── Available records ──

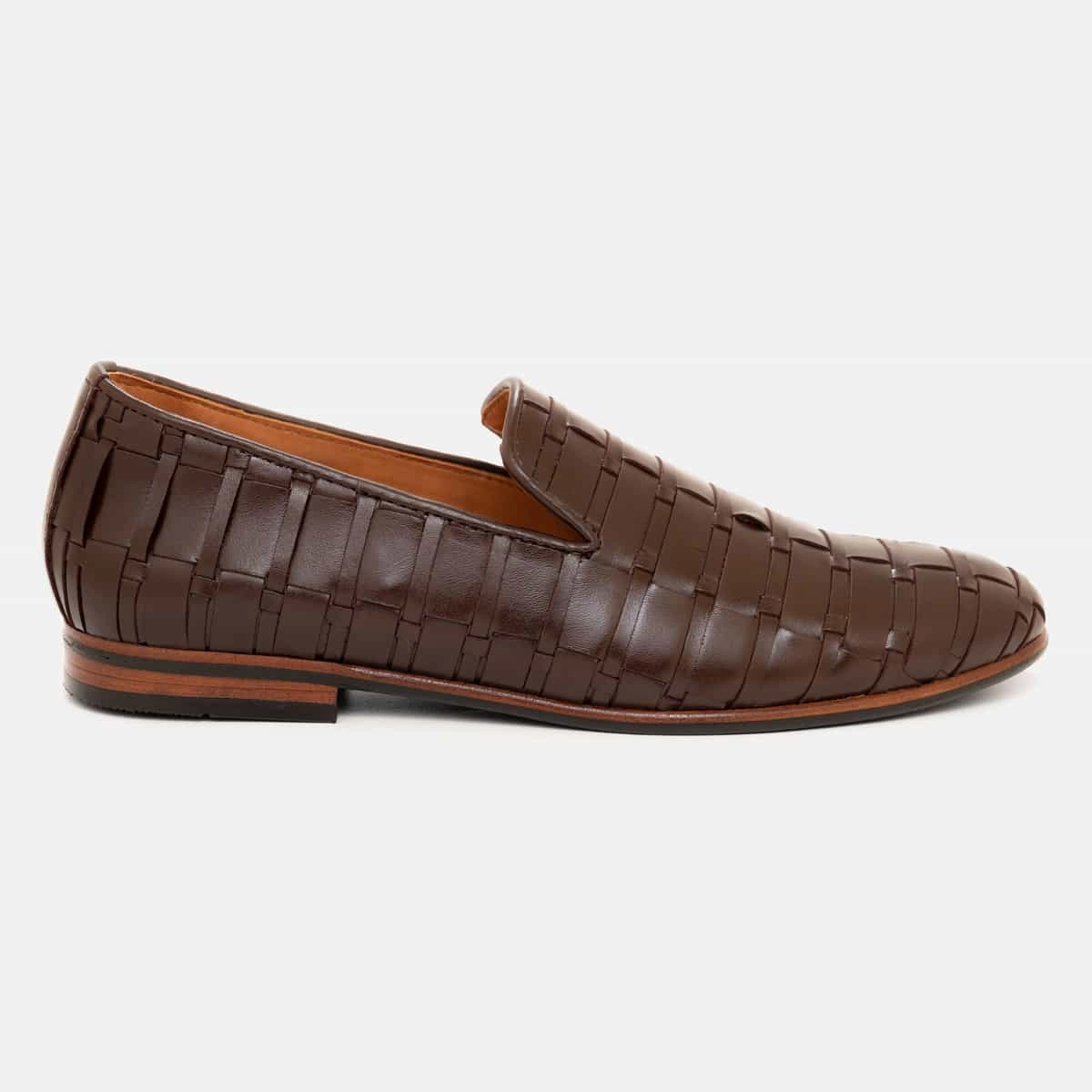 Walnut Tile Braided Loafer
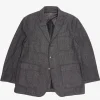 Nepenthes Special - Ivy Blazer - Charcoal Poly Wool Printed Herringbone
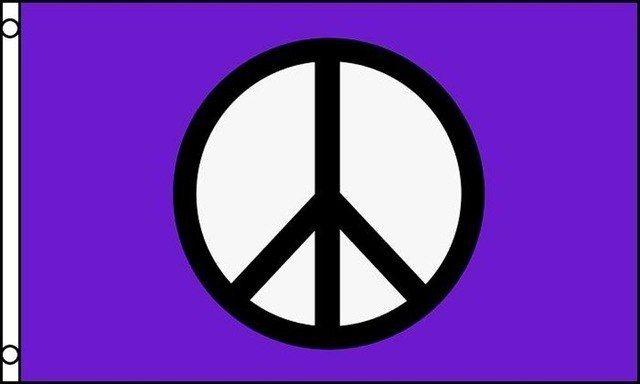 Purple Peace Logo - LG 3 X 5 PURPLE PEACE SIGN polyester FLAG wall decoration banner ...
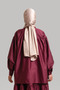 Aller Detailed Cotton Shirt - Burgundy - 5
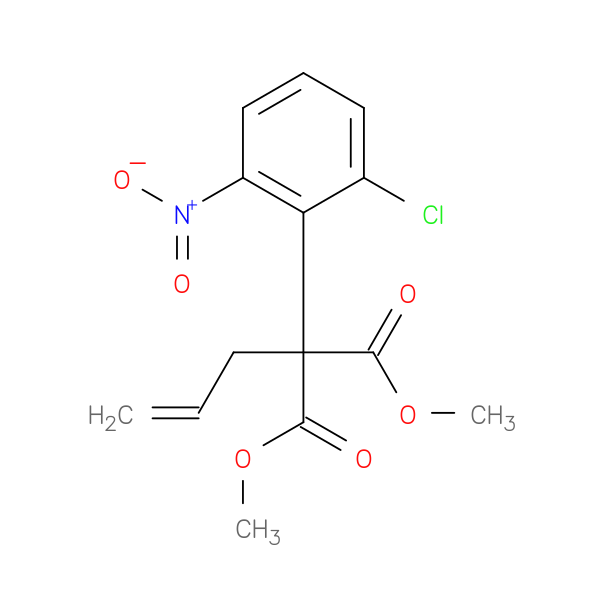 1,3-dimethyl 2-(2-chloro-6-nitrophenyl)-2-(prop-2-en-1-yl)propanedioate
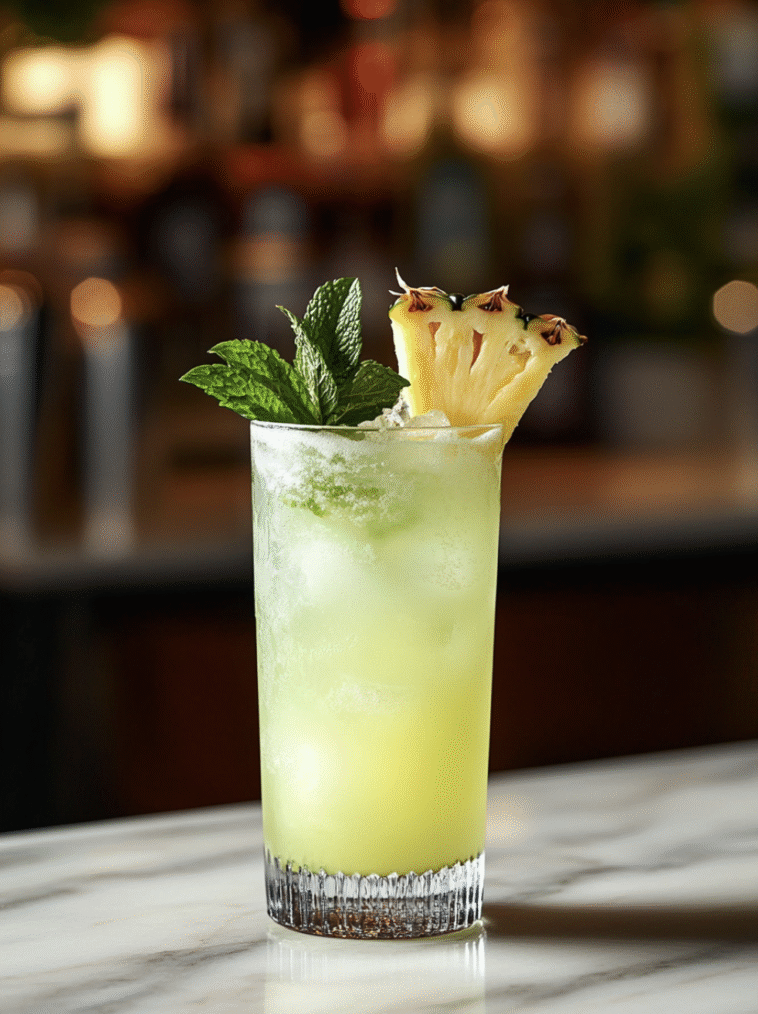Pineapple Mint Cooler Mocktail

───

The task: Leaving every picture aside, transcribe exactly the lines from the one that contains "Aller Detailed Cotton Shirt - Burgundy - 5" through the final line of the listing above, inclusive.

Written response:
 Aller Detailed Cotton Shirt - Burgundy - 5
 1,3-dimethyl 2-(2-chloro-6-nitrophenyl)-2-(prop-2-en-1-yl)propanedioate
Pineapple Mint Cooler Mocktail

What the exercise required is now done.